Python Code Quality Setup - Simple and Efficient

Introduction

This is a concise and opinionated post on code quality for python. It covers the following:

  • what code quality is
  • tools to use -> black, flake8 and mypy
  • how to integrate those tools in the software development lifecycle

Code quality? As many opinions as stars in the sky.

The code quality space is one of the most opinionated technical spaces I know. Why? Because code quality is to some degree subjective. And it means a lot of things!

In the last few years I joined a lot of projects midway. In more than 50% of the cases, running code quality tools was not part of the development lifecycle. Especially in the beginning, the setup for this is cheap. I didn't understand why code quality checks were not in place. But I listened to the teams, and I learnt why. There are a couple of reasons:

  • there was no agreement on what code quality actually is -> to avoid disagreement, everyone kind of did what worked for them
  • some people thought about code quality as purely stylistic -> this was quickly becoming less of a priority. In the end, this was not affecting production right?

How do you come up with a simple yet very efficient setup?

When I understood the above, my arguments for introducing code quality tools became convincing and I got agreement on the following.
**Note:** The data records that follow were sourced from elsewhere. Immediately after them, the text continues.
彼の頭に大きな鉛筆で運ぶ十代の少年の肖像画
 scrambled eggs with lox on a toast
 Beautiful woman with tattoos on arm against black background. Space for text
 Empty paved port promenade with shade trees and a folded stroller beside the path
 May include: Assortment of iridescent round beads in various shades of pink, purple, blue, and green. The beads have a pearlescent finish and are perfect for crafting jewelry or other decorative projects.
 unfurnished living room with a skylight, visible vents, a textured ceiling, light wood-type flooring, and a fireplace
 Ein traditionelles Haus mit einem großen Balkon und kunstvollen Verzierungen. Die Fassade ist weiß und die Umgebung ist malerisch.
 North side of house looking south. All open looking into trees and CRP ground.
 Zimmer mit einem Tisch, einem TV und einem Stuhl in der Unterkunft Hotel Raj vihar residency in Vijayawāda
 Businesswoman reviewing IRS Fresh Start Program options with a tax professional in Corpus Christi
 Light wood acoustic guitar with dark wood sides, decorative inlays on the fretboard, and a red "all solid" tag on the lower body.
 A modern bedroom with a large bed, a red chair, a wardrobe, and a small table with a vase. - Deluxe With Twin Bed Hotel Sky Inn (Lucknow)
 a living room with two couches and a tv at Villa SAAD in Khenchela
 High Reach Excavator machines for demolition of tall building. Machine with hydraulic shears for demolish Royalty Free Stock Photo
  • At a minimum, code quality means:
    • the code should do what it's supposed to do
    • the code is easy to read
    • there is no unused code lying around
  • We will focus on tools that are concerned with more than style. They will detect unused code, unused imports and verify data type mismatches.
  • In terms of style, we will use a tool just so that we don't keep re-formatting each other's changes when we do a PR, because each of us have slightly different preference or because our IDE does it for us. One style, no necessary re-formatting.

Once this agreement was in place, it was very easy to choose the tools and settings and integrate them in the development lifecycle.

Tools and Settings

Here is a concise list of tools that I used successfully in practice.

Black for formatting

How to install

poetry add black

How to set up

Black has good documentation and can be customised easily with your own settings. Here are some basic settings for black, that you can add directly in your project's .toml file:

# pyproject.toml

[tool.black]
line-length = 120 # in practice, I find this length working the best. You can work with this in almost any screen size
exclude = ".*(<dir1|dir2>)/.*" # add here auto-generated code and so on, db migrations etc. 

How to run:

Let's assume you have this code sample:

import time


def func_not_using_time():
    unused_space = "space"    + "more space"
    print('some single quotes space')

After you run poetry run black <source directory> you will get this:

import time


def func_not_using_time():
    unused_space = "space" + "more space"
    print("some single quotes space")

All black did in this instance was to remove some spaces and replace quotes with double quotes. It can do much more formatting, depending on the settings and issues encountered. The point here is that black is concerned with style only. It doesn't remove automatically unused imports so there is no risk that it will modify automatically the behaviour of the code.

Flake8 for linting

How to install

poetry add flake8

How to set up

In order to make flake8 work with your pyproject.toml configuration you need to do two steps.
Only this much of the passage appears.